Give again, word for word, each line of the data from the first through the one containing "Hello, my name". Pictures stay out.

**Available data:**
_ _ _ _
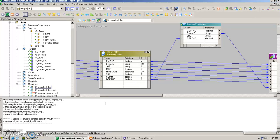Hello everyone, my name is Vipul and in this video we are going to talk about SQL transformation. How does a SQL transformation work in Informatica? SQL transformation is meant for writing a specific SQL query inside the mapping. The same task that we can do using a joiner transformation or an expression transformation can also be done using SQL transformation if we want to write a SQL query instead.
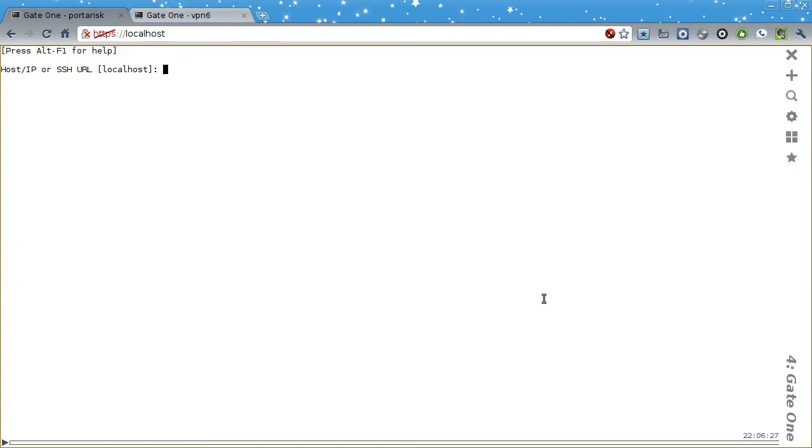Hello, my name is Dan McDougall, and I'm the author of Gate1, a web-based terminal emulator and SSH client built with HTML5 technologies.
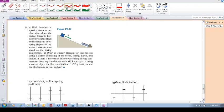We're going to look at some problems. Let's look at 9.13. A block launched at a speed V down an incline slides down the incline. There's friction between the block and incline. It slides into the spring where it slows to zero speed as the spring compresses.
_ _ _ _
**Task answer:**
Hello everyone, my name is Vipul and in this video we are going to talk about SQL transformation. How does a SQL transformation work in Informatica? SQL transformation is meant for writing a specific SQL query inside the mapping. The same task that we can do using a joiner transformation or an expression transformation can also be done using SQL transformation if we want to write a SQL query instead.
Hello, my name is Dan McDougall, and I'm the author of Gate1, a web-based terminal emulator and SSH client built with HTML5 technologies.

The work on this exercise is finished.